I would like to feed one meal of chicken necks or carcasses, and the other two of ground chicken (or other meat) and/or tripe with a vegetable mix, the odd egg, cottage cheese and supplements. Does this sound ok?
Do I need to add liver or other organ meat or will the innards from the chicken and the tripe be enough?

I thought I would start with chicken and progressively add other ingredients and other types of meat.... what do you think?

Can I feed a puppy necks straight away or should I start with only the ground meat until he/she is used to digesting the raw meat?

I've heard 10% of body weight per day until it's more than 2-3 % of adult body weight. Is that right?

What do you feed your dog when you go on holiday and don't have a freezer?

Thanks very much for your help


----------



## datacan (May 15, 2011)

At that age I stuck to what the breeder suggested.
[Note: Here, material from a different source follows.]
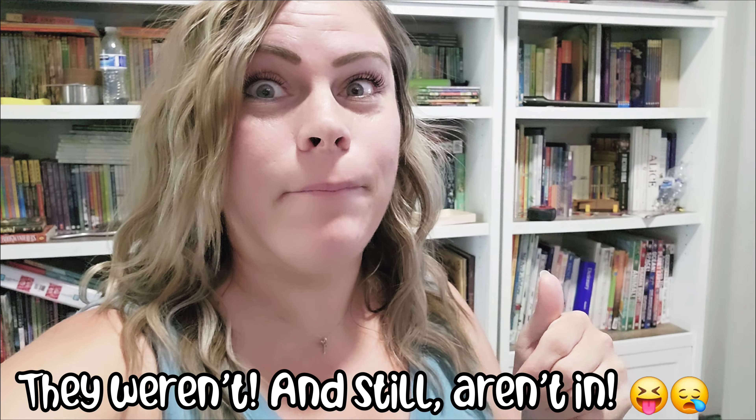Hey guys, so today I'm going to take you along with me. I am getting new bookshelves. You guys know I love these ones. I really do, I love them so much, but I am running out of space. So I need more bookshelves because I'm nuts.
Later, I switched to better kibble and at 6 months I started to supplement with a little raw turkey and a few chicken backs. 

If you found someone who grinds human grade meat and prepares the meat, that is fantastic. Still, my biggest concern about home made raw is proper balance of required nutrients. In order to keep up, the owner has to follow up with blood analysis, among other things, ..... some may lack, for example, calcium or other key elements. 

This is why I ended up on grain free, gluten free kibble and only supplementing here and there with straight raw meat. Simple, if I don't have to complicate things, I don't. 

One interesting fact about kibble is they do not disclose (by law ??? ) the amount of carbohydrate used ... Bargain brands use more. This may contribute to unnecessary weight gain, sad.


----------



## Rapunzel (May 10, 2013)

I just recently went through this. I just got our puppy and she is 9 weeks old. The breeder recommended keeping her on the kibble she was eating at the breeder for at least two 30 pound bags. I tried feeding her the kibble and she wasn't eating at all. I tried hand feeding her, putting it in a Kong with Kong paste, rewarding her the kibble as treats, etc. She just didn't want it. I had just recently switched my older dog to a raw diet because of allergy issues. I noticed the puppy kept licking my older dog's bowl after the raw food was eaten. Initially, I thought she probably wasn't eating because of the transition to our home, but when she showed interest in the raw food, I said hmmmmm........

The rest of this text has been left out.